A circuit overcurrent protection device is an electrical circuit component which passes up to a certain level of electrical current, but "trips" or creates an open-circuit condition if the level of current rises above a certain limit. A fusible link is an example of such a device, the fuse "blowing" or "burning out" due to the increased temperature resulting from passage of a level of current above the fuse rating. After a fuse has blown, it must be removed from the circuit and replaced with a new, intact fuse in order for the circuit to resume operation.

A circuit breaker is a mechanical overcurrent protection device that trips to an open-circuit condition in response to high current. A circuit breaker does not have to be replaced after it trips, but must be manually reset to the closed-circuit condition before the circuit may resume operation.

A circuit overcurrent protection device is said to be self-resetting if, after tripping to the open-circuit condition, it is able to return to a closed-circuit condition without replacement or any other servicing. Self-resetting circuit overcurrent protection devices have been produced which make use of materials having a positive temperature coefficient of resistivity. Such materials exhibit an electrical resistivity which is relatively low at a design operating temperature and increases abruptly as the temperature of the material rises beyond a critical temperature. PTC materials include compositions such as conductive polymers and ceramics. PTC circuit overcurrent protection devices are manufactured by the Raychern Corporation, and are used in many electrical devices and environments.

A PTC circuit overcurrent protection device comprises a layer of PTC material sandwiched between two parallel plates of electrically conductive metal. An electrical lead is attached to each of the plates and the leads are connected to the electrical circuit. At a given operating temperature, there is a maximum steady level of electrical current which can pass from one plate to the other through the PTC material without causing significant resistance heating of the device. This level of current is dependent primarily upon the surface area of the layer of PTC material across which the current must flow in passing from one plate to the other, and is known as the "pass" or "hold" current.

Such a PTC device is designed so that when it is subjected to a level of current greater than the hold current, sufficient resistance heating of the device occurs to cause the temperature of the PTC material to climb to above the critical temperature. When this occurs, the electrical resistivity of the PTC layer becomes so great as to create what is essentially an open circuit. A very low level of current continues to pass between the metal plates, however, and this "trickle" of current may be sufficient to prevent the temperature of the device from dropping back below the critical temperature.

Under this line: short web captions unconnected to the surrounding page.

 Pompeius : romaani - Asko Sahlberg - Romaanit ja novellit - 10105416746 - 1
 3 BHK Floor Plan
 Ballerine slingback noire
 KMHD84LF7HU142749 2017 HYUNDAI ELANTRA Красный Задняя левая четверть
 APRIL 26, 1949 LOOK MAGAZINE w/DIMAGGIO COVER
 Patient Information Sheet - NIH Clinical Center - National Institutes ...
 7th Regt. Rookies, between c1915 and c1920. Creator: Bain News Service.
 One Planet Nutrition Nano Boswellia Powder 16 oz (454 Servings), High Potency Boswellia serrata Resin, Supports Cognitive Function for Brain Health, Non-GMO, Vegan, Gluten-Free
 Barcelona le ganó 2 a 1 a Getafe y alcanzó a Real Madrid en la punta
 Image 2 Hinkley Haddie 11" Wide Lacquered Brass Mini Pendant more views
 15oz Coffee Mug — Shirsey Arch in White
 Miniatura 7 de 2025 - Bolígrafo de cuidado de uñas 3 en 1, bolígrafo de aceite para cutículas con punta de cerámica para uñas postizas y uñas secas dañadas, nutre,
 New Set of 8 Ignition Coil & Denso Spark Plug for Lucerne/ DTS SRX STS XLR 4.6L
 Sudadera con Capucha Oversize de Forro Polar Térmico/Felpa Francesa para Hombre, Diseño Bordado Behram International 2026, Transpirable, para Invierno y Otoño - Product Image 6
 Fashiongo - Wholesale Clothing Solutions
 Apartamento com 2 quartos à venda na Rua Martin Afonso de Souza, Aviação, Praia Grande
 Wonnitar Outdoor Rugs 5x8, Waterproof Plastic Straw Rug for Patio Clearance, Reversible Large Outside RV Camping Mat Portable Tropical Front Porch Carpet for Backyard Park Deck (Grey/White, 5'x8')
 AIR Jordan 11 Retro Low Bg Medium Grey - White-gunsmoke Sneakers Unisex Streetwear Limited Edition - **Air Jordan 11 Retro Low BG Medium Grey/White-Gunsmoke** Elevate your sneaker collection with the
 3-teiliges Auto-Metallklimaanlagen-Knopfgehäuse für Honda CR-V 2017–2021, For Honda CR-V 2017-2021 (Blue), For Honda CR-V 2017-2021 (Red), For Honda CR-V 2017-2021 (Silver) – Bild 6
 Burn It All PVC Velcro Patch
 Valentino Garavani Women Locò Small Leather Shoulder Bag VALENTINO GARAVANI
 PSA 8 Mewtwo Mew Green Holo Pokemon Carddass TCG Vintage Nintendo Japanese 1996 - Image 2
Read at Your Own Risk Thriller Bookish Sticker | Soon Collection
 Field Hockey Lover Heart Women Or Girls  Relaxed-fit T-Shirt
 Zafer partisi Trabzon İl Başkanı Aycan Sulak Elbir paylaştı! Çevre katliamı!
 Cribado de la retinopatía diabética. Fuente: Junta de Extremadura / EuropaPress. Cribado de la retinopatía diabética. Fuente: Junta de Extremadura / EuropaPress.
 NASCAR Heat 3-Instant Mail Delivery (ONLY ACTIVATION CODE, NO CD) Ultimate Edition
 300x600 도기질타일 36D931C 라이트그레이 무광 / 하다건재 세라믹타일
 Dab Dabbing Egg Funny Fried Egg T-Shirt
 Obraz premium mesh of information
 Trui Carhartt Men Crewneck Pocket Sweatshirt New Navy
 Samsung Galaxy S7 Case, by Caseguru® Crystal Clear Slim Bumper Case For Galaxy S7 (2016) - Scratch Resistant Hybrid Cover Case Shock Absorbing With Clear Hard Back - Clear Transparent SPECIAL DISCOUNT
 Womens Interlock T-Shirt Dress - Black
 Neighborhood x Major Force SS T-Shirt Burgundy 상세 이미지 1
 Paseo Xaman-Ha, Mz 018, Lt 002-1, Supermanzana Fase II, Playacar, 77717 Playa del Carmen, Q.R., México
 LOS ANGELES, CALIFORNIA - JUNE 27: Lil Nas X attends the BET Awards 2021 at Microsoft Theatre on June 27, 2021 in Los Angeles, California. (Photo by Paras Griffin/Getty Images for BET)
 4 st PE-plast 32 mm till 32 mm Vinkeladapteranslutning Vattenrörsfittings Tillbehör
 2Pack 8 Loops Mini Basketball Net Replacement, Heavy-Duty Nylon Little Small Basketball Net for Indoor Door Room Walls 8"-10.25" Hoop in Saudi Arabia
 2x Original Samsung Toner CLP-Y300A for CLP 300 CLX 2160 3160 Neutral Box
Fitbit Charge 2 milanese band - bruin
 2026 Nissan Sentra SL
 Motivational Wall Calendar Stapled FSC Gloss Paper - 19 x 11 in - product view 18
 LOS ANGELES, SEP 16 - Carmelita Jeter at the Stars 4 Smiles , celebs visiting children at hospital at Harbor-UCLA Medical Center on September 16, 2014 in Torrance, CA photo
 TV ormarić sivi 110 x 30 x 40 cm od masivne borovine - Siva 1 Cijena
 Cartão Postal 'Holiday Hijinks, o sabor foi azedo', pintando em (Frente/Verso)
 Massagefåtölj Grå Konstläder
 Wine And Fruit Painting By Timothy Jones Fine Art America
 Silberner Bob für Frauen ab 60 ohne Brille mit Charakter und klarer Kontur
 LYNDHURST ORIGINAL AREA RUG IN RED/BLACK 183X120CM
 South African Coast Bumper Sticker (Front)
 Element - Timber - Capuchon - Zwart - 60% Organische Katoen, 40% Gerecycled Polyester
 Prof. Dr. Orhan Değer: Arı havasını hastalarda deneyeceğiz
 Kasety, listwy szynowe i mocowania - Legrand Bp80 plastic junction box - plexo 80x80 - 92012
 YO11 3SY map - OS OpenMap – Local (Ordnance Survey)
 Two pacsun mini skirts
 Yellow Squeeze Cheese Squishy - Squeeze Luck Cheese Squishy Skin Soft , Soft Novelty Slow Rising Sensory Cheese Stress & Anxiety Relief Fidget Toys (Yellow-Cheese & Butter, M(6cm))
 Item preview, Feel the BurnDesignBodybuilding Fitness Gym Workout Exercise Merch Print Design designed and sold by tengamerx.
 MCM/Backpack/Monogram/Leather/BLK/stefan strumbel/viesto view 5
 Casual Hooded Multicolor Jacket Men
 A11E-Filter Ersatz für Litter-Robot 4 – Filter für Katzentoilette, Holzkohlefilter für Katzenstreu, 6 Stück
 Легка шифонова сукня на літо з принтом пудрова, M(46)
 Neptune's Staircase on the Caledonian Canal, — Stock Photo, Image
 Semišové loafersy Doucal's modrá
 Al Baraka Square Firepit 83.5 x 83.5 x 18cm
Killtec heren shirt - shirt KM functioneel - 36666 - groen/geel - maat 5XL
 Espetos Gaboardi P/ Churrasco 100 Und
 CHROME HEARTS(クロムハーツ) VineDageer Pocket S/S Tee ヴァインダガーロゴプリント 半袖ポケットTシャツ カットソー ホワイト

The circuit must be broken at some other point, for example by switching off an electrical device powered by the circuit, in order for the trickle of current to cease and allow the PTC device to cool down to below its critical temperature so that the PTC material resumes its lower resistivity state. Once this occurs, the PTC circuit overcurrent protection device has essentially reset itself, without the need for any replacement or maintenance of the device, and is again able to provide protection against overcurrent conditions when the electrical device is switched back on.

A limitation on the practical use of known PTC circuit overcurrent protection devices resides in the fact that an increase in the hold current of such a device can only be achieved by increasing the surface area of the device. For example, the surface area of a PTC circuit overcurrent protection device must roughly double in size to achieve an increase in hold current from 5 amps to 10 amps, yielding a device that, while very thin, has a large surface area. Accordingly, known PTC circuit overcurrent protection devices having relatively high hold currents are of a size and shape making them unsuitable for use in certain environments where space is limited, such as automotive vehicle fuse boxes.

In particular, many automotive electrical systems and devices are designed to employ what are known as "mini-fuses," conventional fuses measuring only about 14 millimeters (mm.) high by 11 mm. wide by 4 mm. thick and having ratings up to 20 amps. In some situations where it would be desirable to replace the conventional, non-resettable mini-fuses with a self-resetting PTC device, this replacement is not feasible due to the much larger size of the currently available PTC devices.

SUMMARY OF THE INVENTION

It is an object of the present invention to provide a self-resetting circuit overcurrent protection device having a size and hold current suitable for use in automotive vehicle fuse boxes and other space-limited environments.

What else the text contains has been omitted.